銀、プラチナ、鉄、鉛、亜鉛、銅、水銀、石灰石、燐鉱石などの埋蔵もあり、開発が進められている。
 コロンビアは、中南米では最大の石炭埋蔵量(89年推定181億トン)をもっといわれ、石炭産出は1985年以降、本格的な増産に向かい、これに伴い石炭輸出量も大きく伸びている。
 炭田開発プロジェクトの実施により、石炭生産量は85年の500万トン台から、95年には2,680万トンと約5倍に達している。
 石炭輸出も85年の1億3,100万ドルから、96年には8億5,000万ドルヘと飛躍的な増加で推移している。
 コロンビアの炭田は、露天掘りとしては世界最大規模の一つで、品質は米国のアパラチア炭田に次いで世界第2位の良質炭といわれている。
 コロンビアのフェロニッケル生産は、79年に産業開発公社(IFI)が米国企業と合弁でニッケル開発を行い、82年から本格的操業を開始したのがその始まりである。
 ニッケル埋蔵量は、平均2.7%のニッケル含有量のものが2,100万トン、平均1.5%のものが4,100万トンと発表されており、フェロニッケル生産の全量が輸出に向けられている。
 石油の輸出は、86年から開始されているが、その埋蔵量は9億バレルといわれている。
 石油の増産は、石油開発10カ年計画(1976〜85年)により油田開発を推進し、その結果84年10月にベネズエラとの国境付近で、埋蔵量10億バレル以上と推定されるクラボ・ノルテ油田が発見され、さらに91年以降カサナレ県クシアナ地区において大油田が相次いで発見されており、石油輸出増加による経済発展が見込まれている。
 96年の原油生産量は、94年の1億6,600万バレルに対し35%増の2億2,900万バレルと飛躍しており、これに伴い輸出額も同2.2倍の28億9,200万ドルに急増している。
 製造業は、96年GDPの17.1%を寄与し、労働人口の15.7%がこの部門に従事している。
 1985〜95年の期間におけるGDPは、年平均3.8%の比率で増加しており、95年の成長率は1.0%(世銀)となっている。
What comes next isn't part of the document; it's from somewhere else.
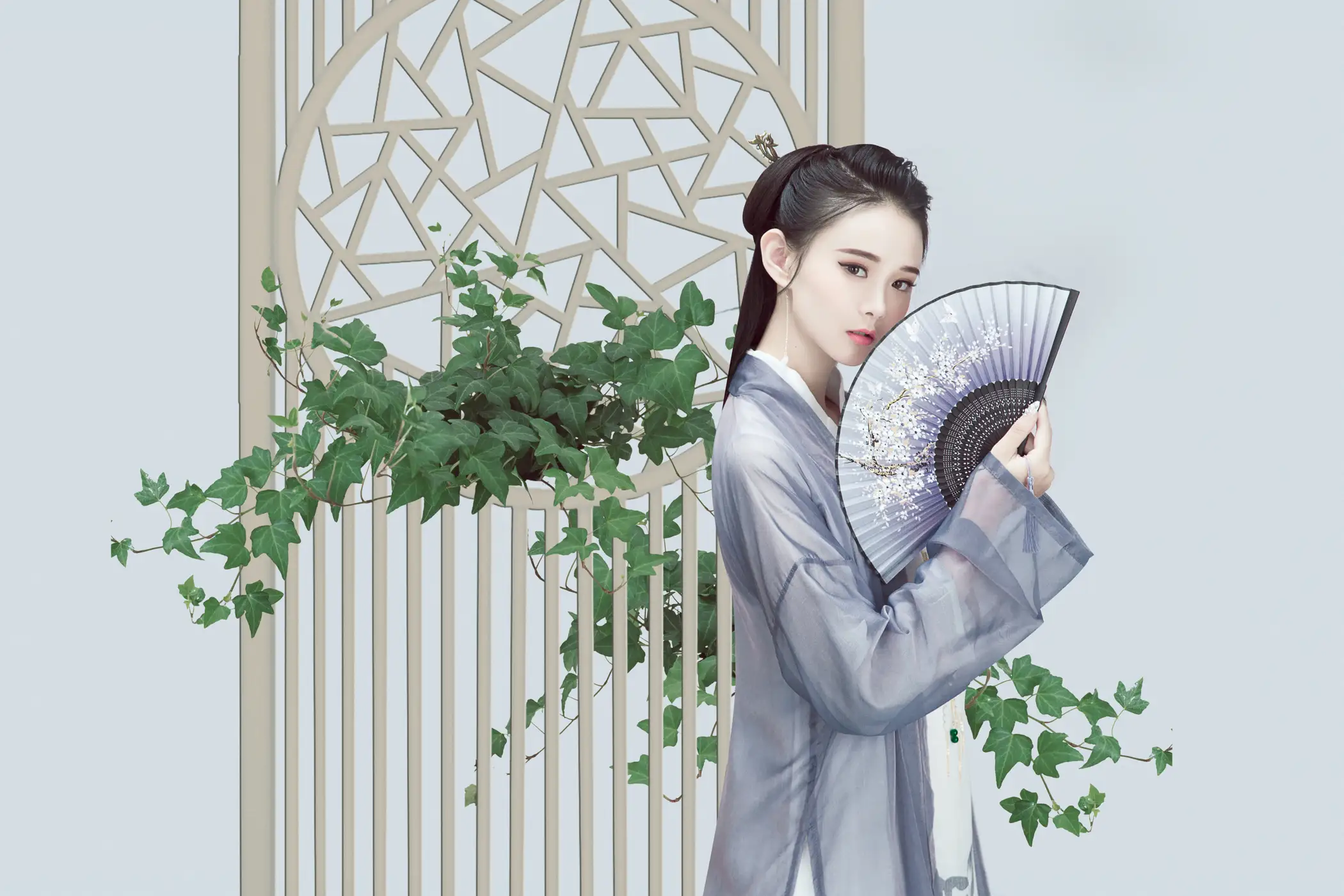 [艺图语] 2022.02.05 Vol.756 – 子不语 欣宝#[22P]-2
 製造業は、首都サンタフェデボゴタ、西北部のメデリン、西南部のカリなどの大都市周辺に集中しており、70年代には輸入代替工業の発展が中心であったが、80年代初期以降は輸出促進への傾向が強まり、食料品、化学品、繊維品、輸送機械などが輸出品として成長してきている。
 コロンビアは、石油、天然ガス、石炭、水力などエネルギー資源に恵まれている。
 エネルギー消費量はGDPの実質成長とほぼ同ペースで増大しているが、近年のエネルギー資源の加速状況からみて、今後はこれらの輸出はますます増大するものと思われる。